Problem:
Repeat the lines from the one containing "Люстра Астра Бутон" through the end of the listing exactly, both ends included. Do not carry over any pictures.

Supplied information:
# # #

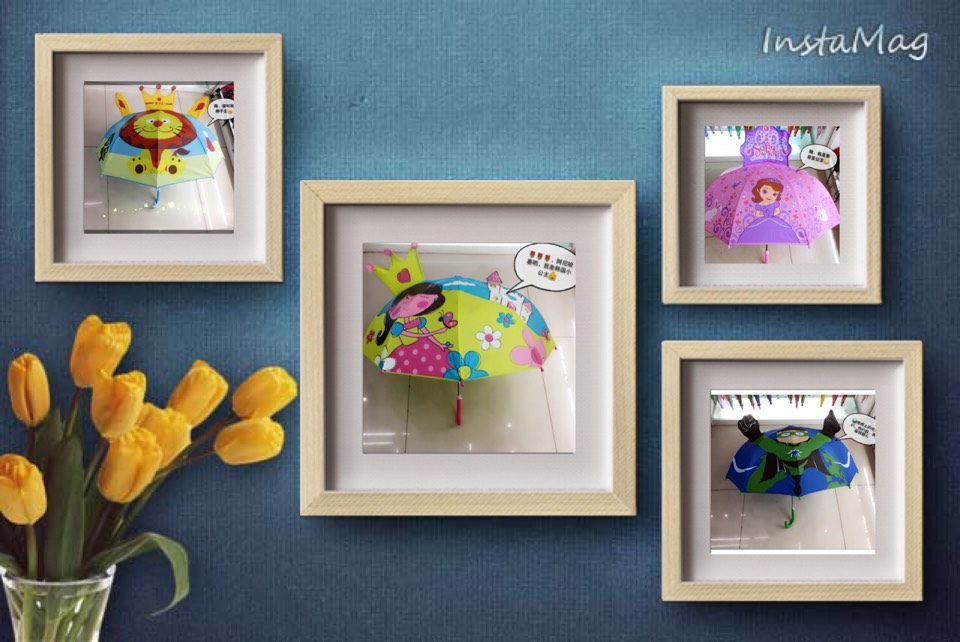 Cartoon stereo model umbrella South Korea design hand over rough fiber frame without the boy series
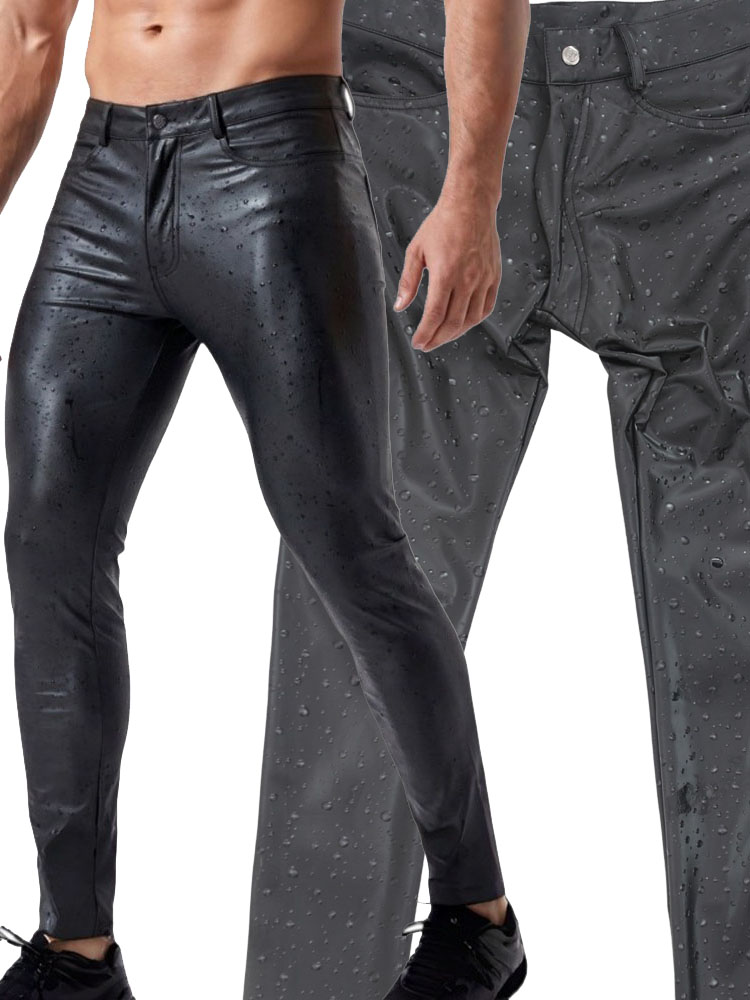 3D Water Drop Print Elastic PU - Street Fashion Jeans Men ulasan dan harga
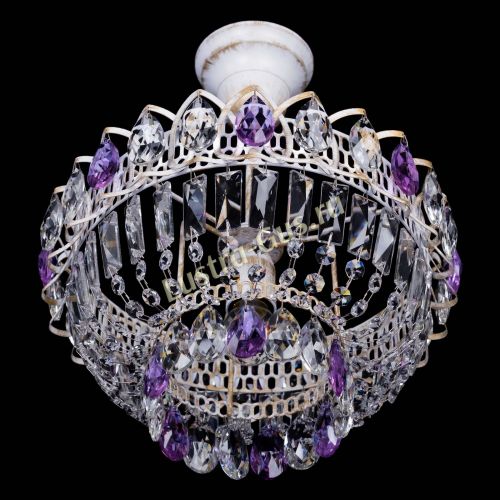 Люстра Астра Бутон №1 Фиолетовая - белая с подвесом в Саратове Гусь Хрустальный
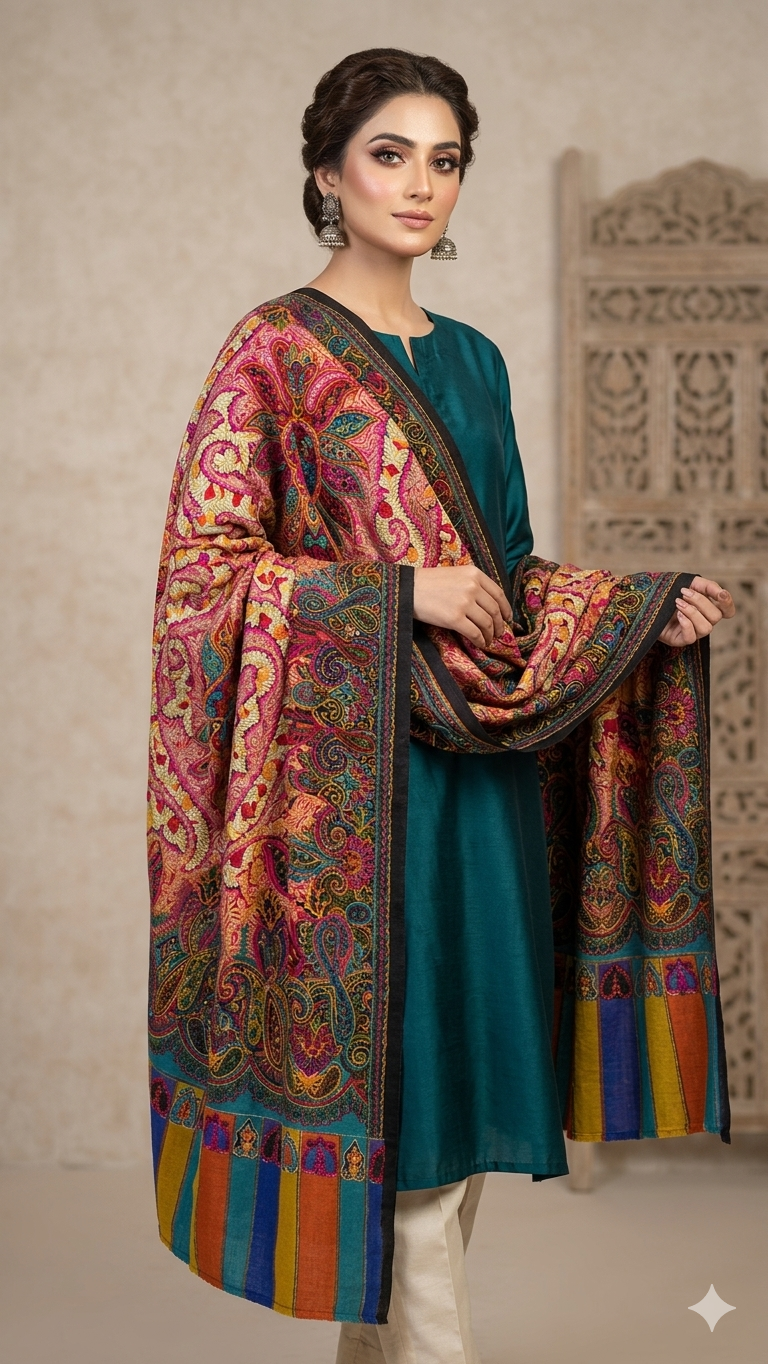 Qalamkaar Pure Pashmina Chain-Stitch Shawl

# # #

Solution below:
 Люстра Астра Бутон №1 Фиолетовая - белая с подвесом в Саратове Гусь Хрустальный
 Qalamkaar Pure Pashmina Chain-Stitch Shawl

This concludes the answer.